At 98, Pierre Cardin had what you could eventually call a brilliant innings. Even in his final year he insisted on working, most notably on a mammoth second theatre to further his cement his love of performance art.

Pierre Cardin went to extremes in the fields of manufacturing, branding and marketing yet he remained one of the few designers to have held onto his name rather than sell the label to Big Fashion investors.

American actress Raquel Welch in a futuristic Pierre Cardin outfit featuring  mini skirt and scarf in plastic, worn with perspex visor, circa 1967.

Cardin’s brand has peppered the world liberally and dotted itself along shopping strips from Australia to Zimbabwe.

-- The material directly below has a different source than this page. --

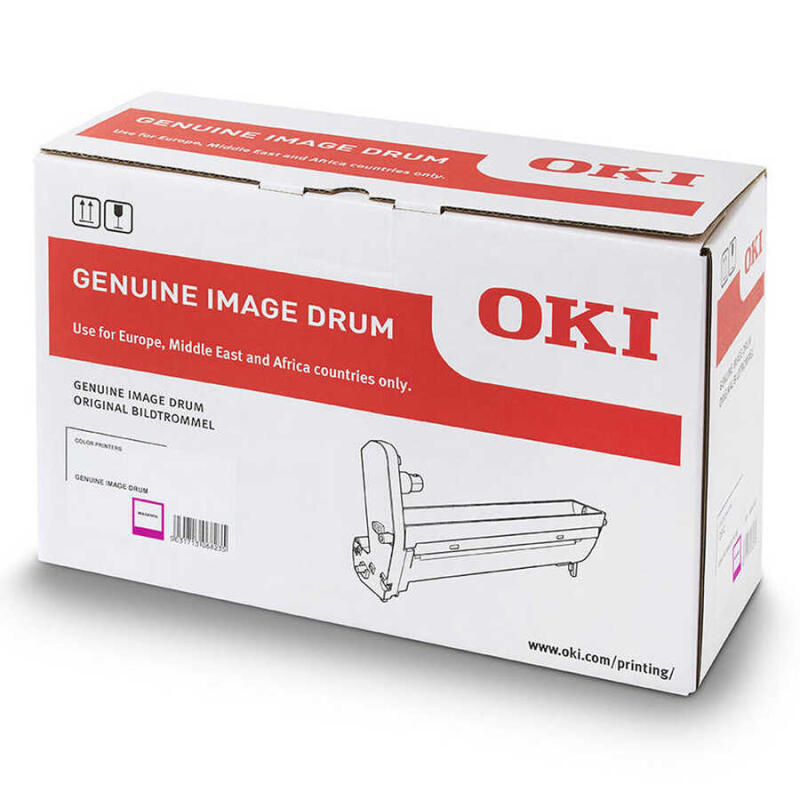 Oki C612-46507306 Kırmızı Orijinal Drum Ünitesi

Now being run by his grandson Rodrigo Basilicati, the aesthetic is sure to remain progressive, frenetic, energetic; a sprawl of boldness, brightness and – at times – chaos.

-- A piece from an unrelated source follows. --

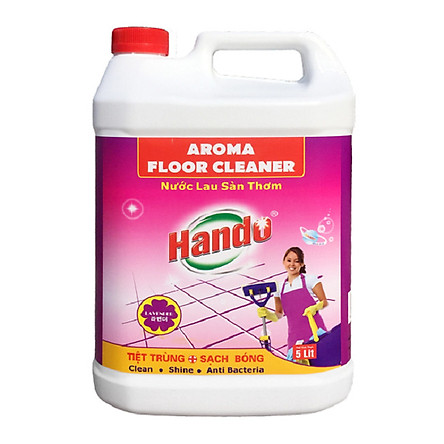Nước thơm lau sàn Hando 5L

Naomi Campbell – just one of the many names who have great things to say about the designer.

As a designer, Cardin accomplished many ‘firsts’. First fashion designer to stock his clothing in department stores. First to be wholly immersed in the arts scene, not only dressing performers but investing in theatre houses. First to dress the Beatles in designer gear. First to present a western fashion collection in Communist China. 

When you see a scene of a model approaching the Great Wall wearing a giant rainbow bubble of a dress, surrounded by grey Mao-suited Chinese locals whose expressions look like they’re encountering an alien, you forget for a moment that you’re viewing archival footage, and imagine the whole thing’s been a clever exercise in Photoshopping. This is the bright mark Cardin leaves on the design stage, and the effervescence you sense from the film as a whole.

I strongly recommend you see the film House of Cardin. In it, Cardin occasionally comes across as fashion socialist but soon enough earns the criticism of an opportunistic capitalist. Or he’s being dubbed a fashion futurist and feminist in the same breath. Whatever the critique, his clothes and wares have usually made an out-there statement. Even the Beatles’ famous suits from the early Sixties made a strong point: grey, yes, but certainly a flamboyant cut for men back then.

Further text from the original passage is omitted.